Segment Open

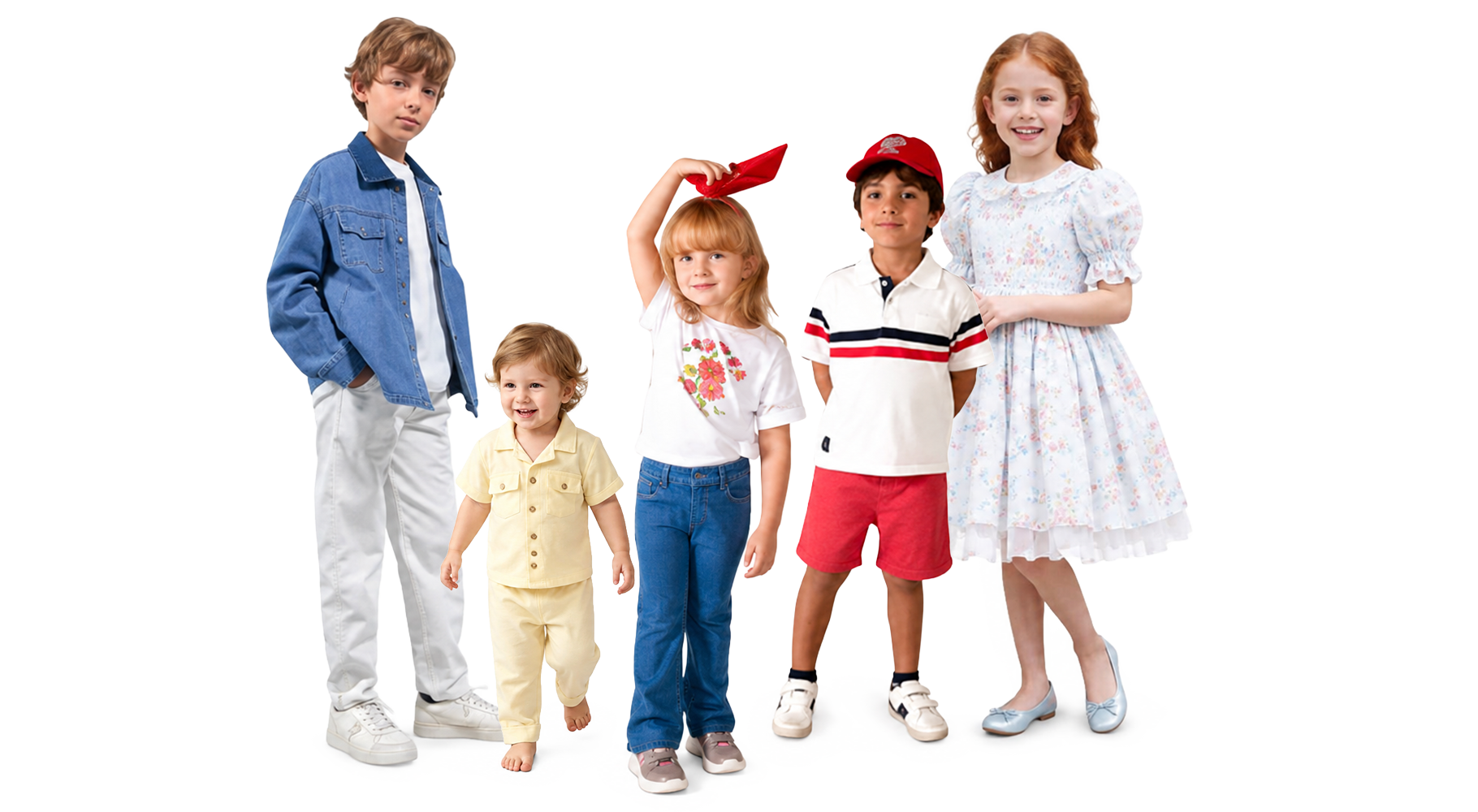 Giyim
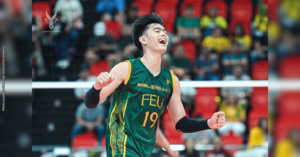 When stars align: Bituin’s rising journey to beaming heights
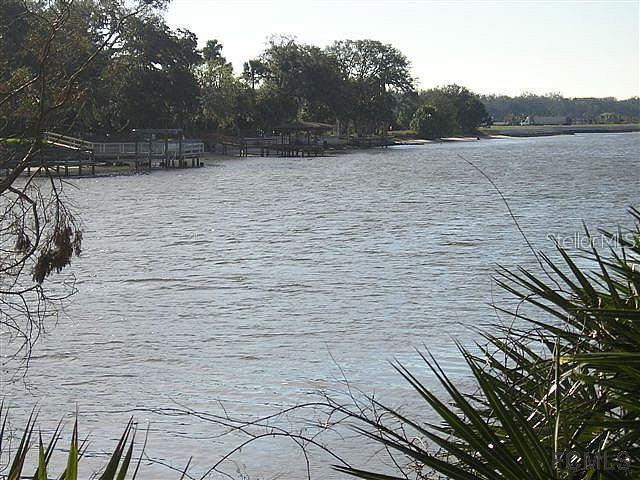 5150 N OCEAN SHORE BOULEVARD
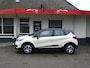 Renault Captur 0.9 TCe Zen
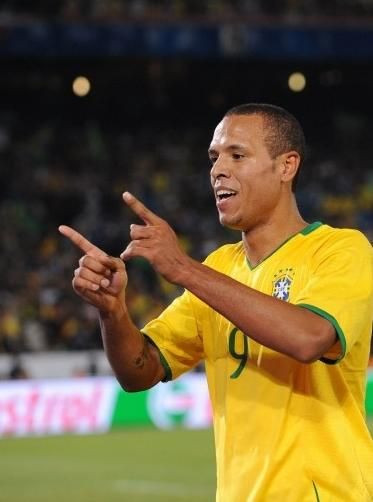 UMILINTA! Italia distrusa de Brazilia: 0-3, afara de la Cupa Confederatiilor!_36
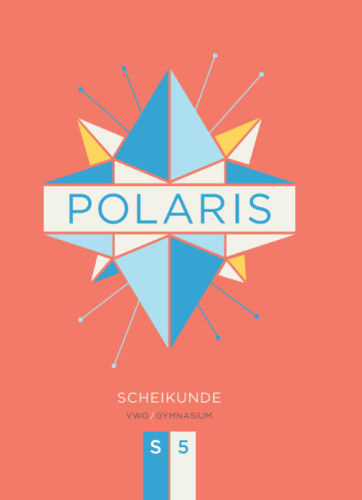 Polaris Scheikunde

Segment Closed

● Work required
Set down the records precisely as they appear. Any picture stays out.

● Answer section
 Giyim
 When stars align: Bituin’s rising journey to beaming heights
 5150 N OCEAN SHORE BOULEVARD
 Renault Captur 0.9 TCe Zen
 UMILINTA! Italia distrusa de Brazilia: 0-3, afara de la Cupa Confederatiilor!_36
 Polaris Scheikunde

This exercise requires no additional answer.